TASK MATERIAL Block Start

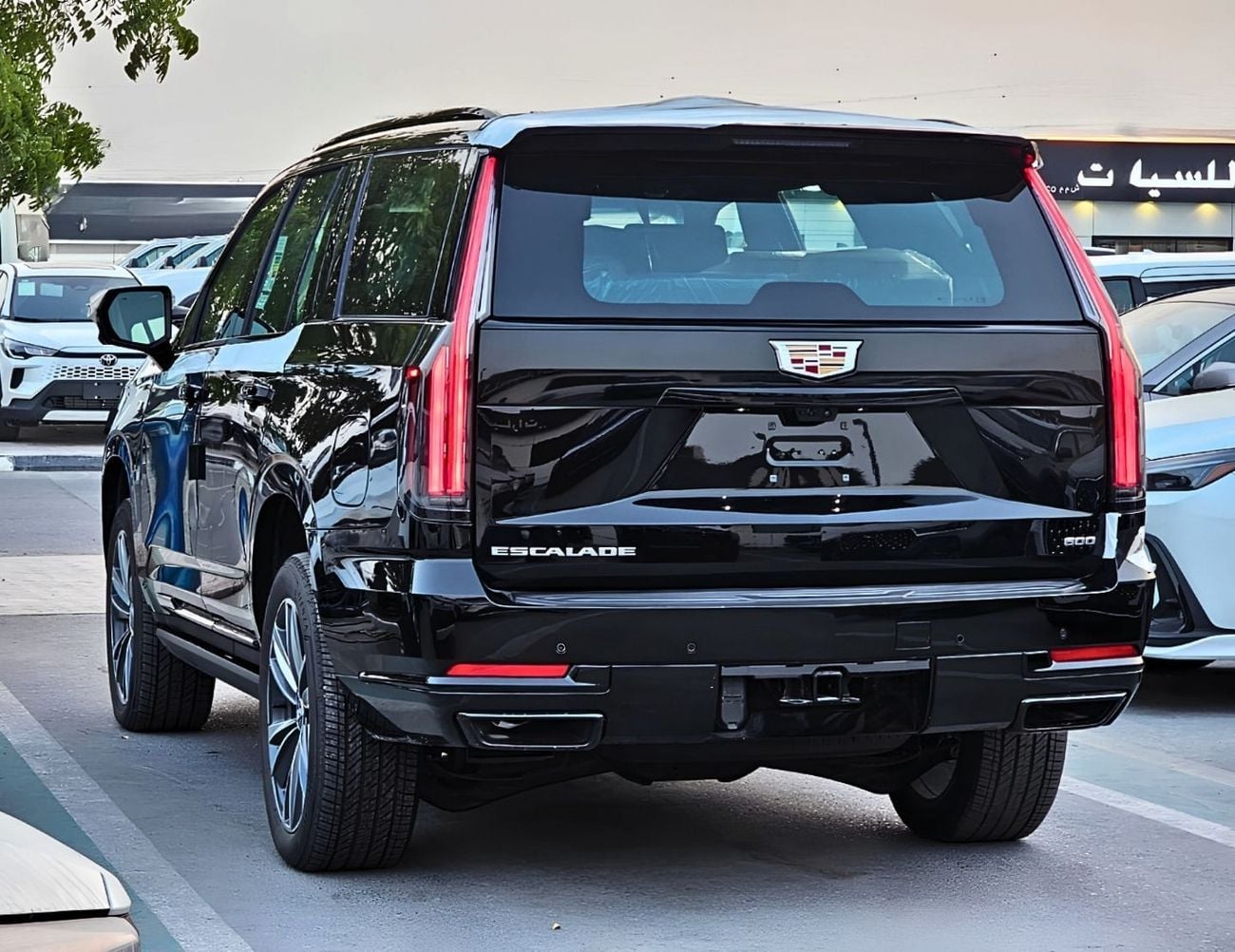 كاديلاك إسكالاد سبورت كاديلاك إسكاليد سبورت || محرك بنزين V8 سعة 6.2 لتر، دفع رباعي، ناقل حركة أوتوماتيكي | رادار | سقف با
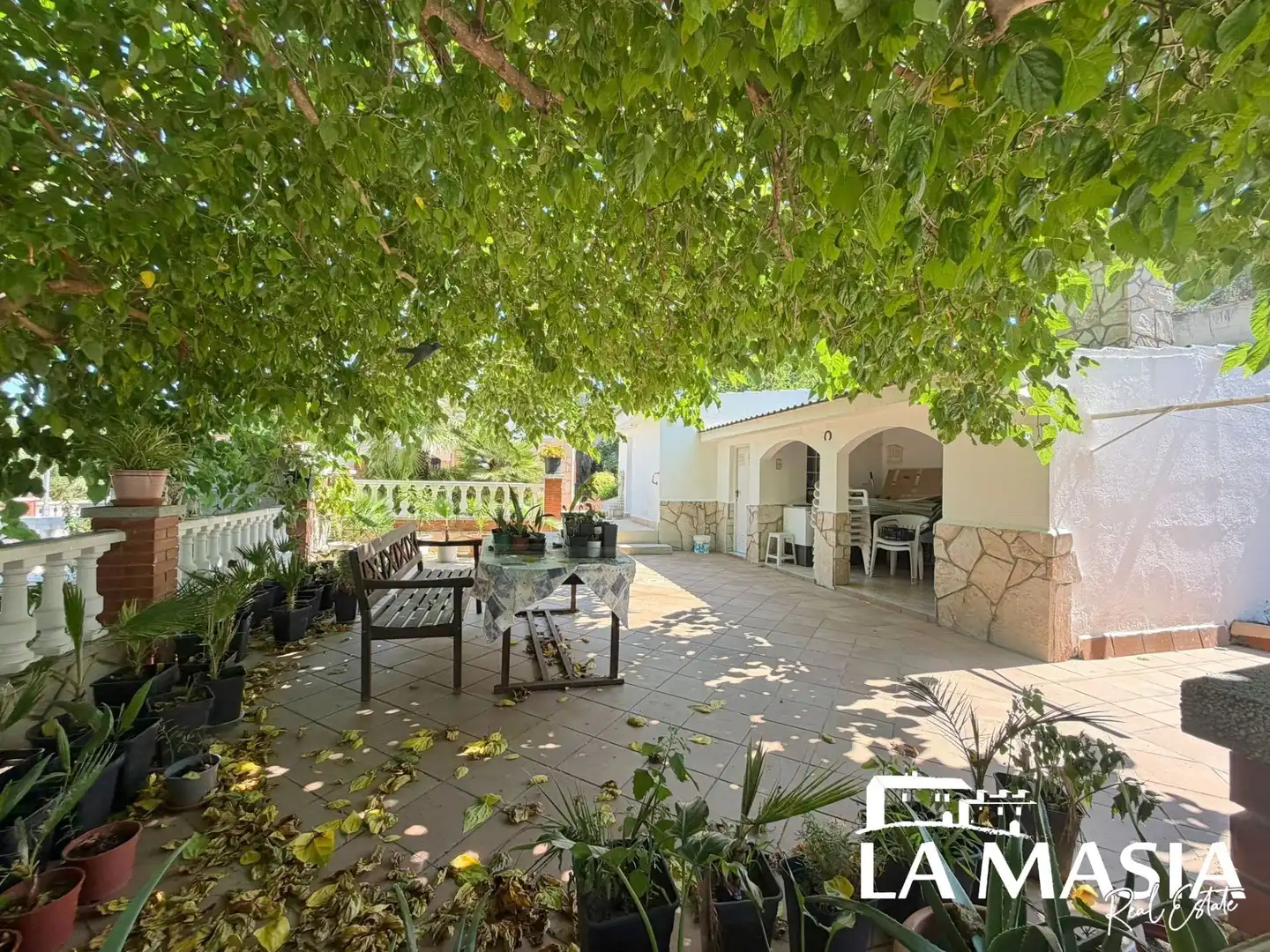 Vista exterior de Casa o xalet en venda en Olivella amb Calefacció, Jardí privat i Terrassa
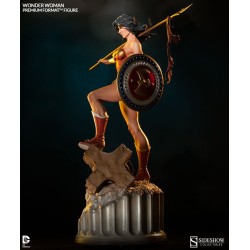 Wonder Woman Premium Format™ Statue Sideshow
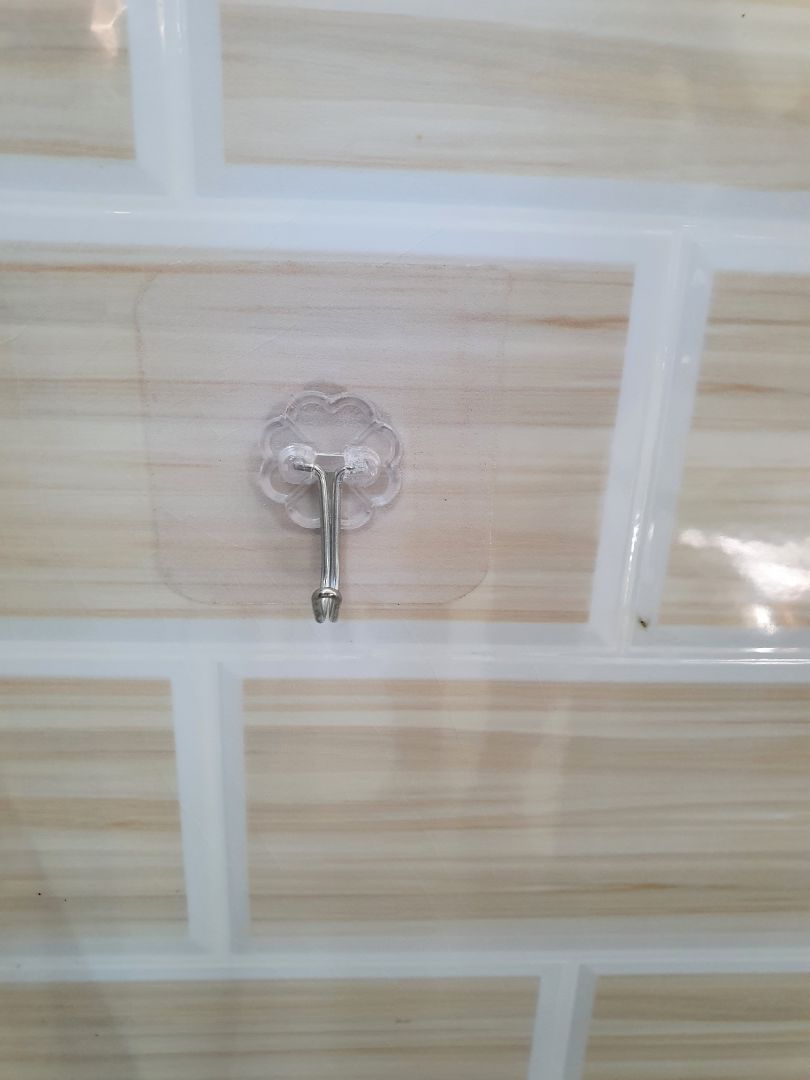 M từng sài qua móc này. cảm thấy giá rẻ và rất bền.
nhưng có 1 nhược điểm là nếu để móc bị cong vênh miếng dán thì sẽ k ăn tường (chỉ dán tường gạch men bóng nha mn). vừa dán xong nó rớt luôn 2 cái 😹

15/6 cập nhật mình đã bị rớt 5/10 móc do móc bị vênh sẵn nên dán k ăn tường hic
📌 Khi dán mn bóc nhẹ nhàng và miết từ trên xuống để k lọt khí miếng dán trên tường thì móc sẽ dính chặt rất bềnh 
đề nghị shop bảo quản và gói hàng cẩn thận cho loại móc này.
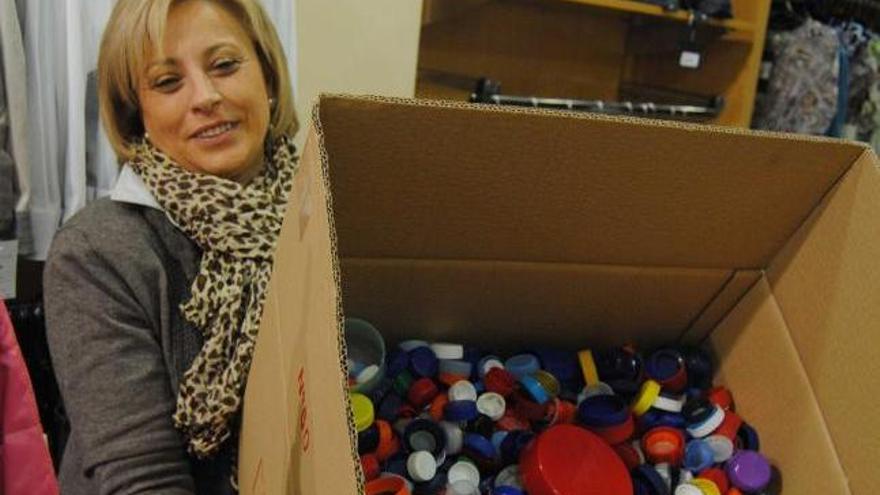 Flor María Llorián, vicepresidenta de Comercio Local, con una caja de tapones.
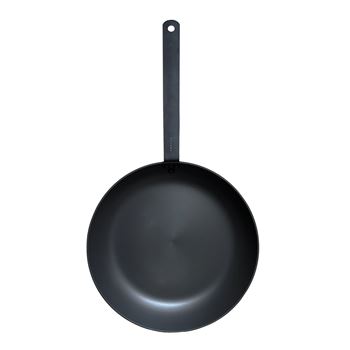 Stekpanna 28 cm kolstål Satake svart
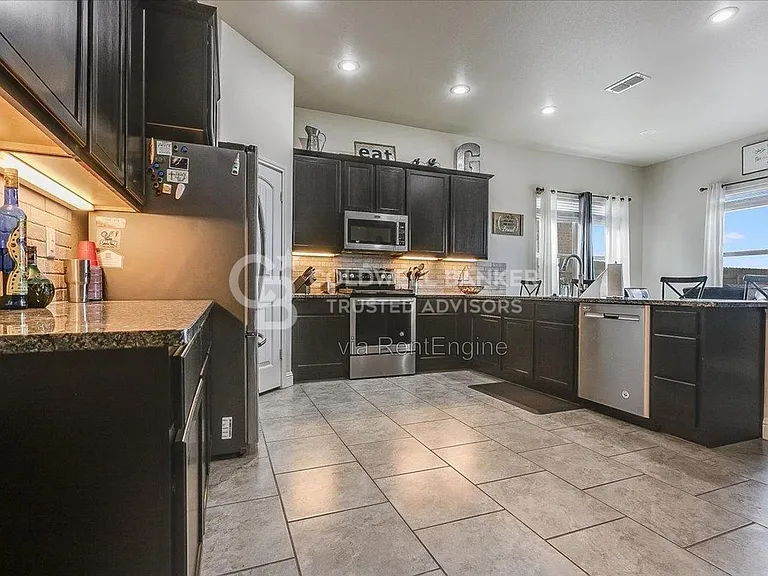 13612 Waco Ave — Photo 6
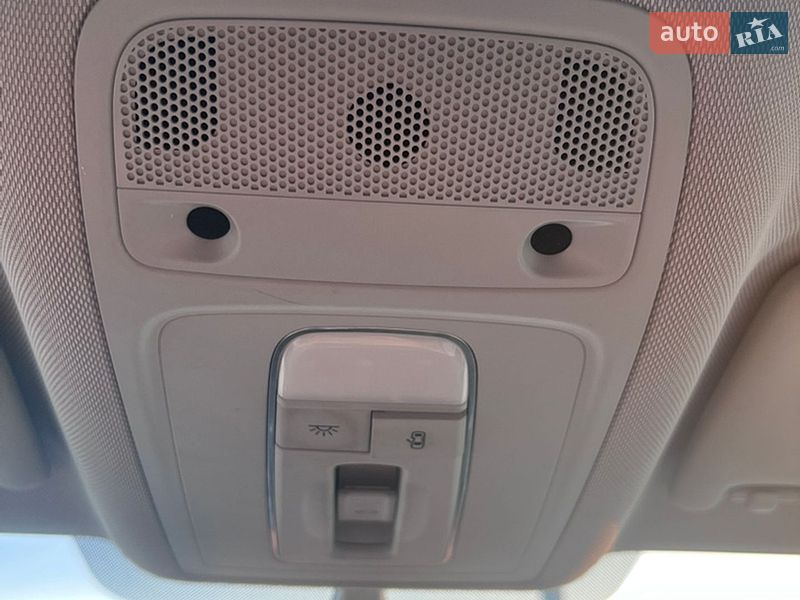 Седан Audi A3 2016 в Киеве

TASK MATERIAL Block End

→ **EXERCISE PROMPT**
From the line that holds "Vista exterior de" to the last line of the data, return those lines exactly and nothing else; both ends count, and pictures stay out.

→ **OUTPUT BELOW**
 Vista exterior de Casa o xalet en venda en Olivella amb Calefacció, Jardí privat i Terrassa
 Wonder Woman Premium Format™ Statue Sideshow
 M từng sài qua móc này. cảm thấy giá rẻ và rất bền.
nhưng có 1 nhược điểm là nếu để móc bị cong vênh miếng dán thì sẽ k ăn tường (chỉ dán tường gạch men bóng nha mn). vừa dán xong nó rớt luôn 2 cái 😹

15/6 cập nhật mình đã bị rớt 5/10 móc do móc bị vênh sẵn nên dán k ăn tường hic
📌 Khi dán mn bóc nhẹ nhàng và miết từ trên xuống để k lọt khí miếng dán trên tường thì móc sẽ dính chặt rất bềnh 
đề nghị shop bảo quản và gói hàng cẩn thận cho loại móc này.
 Flor María Llorián, vicepresidenta de Comercio Local, con una caja de tapones.
 Stekpanna 28 cm kolstål Satake svart
 13612 Waco Ave — Photo 6
 Седан Audi A3 2016 в Киеве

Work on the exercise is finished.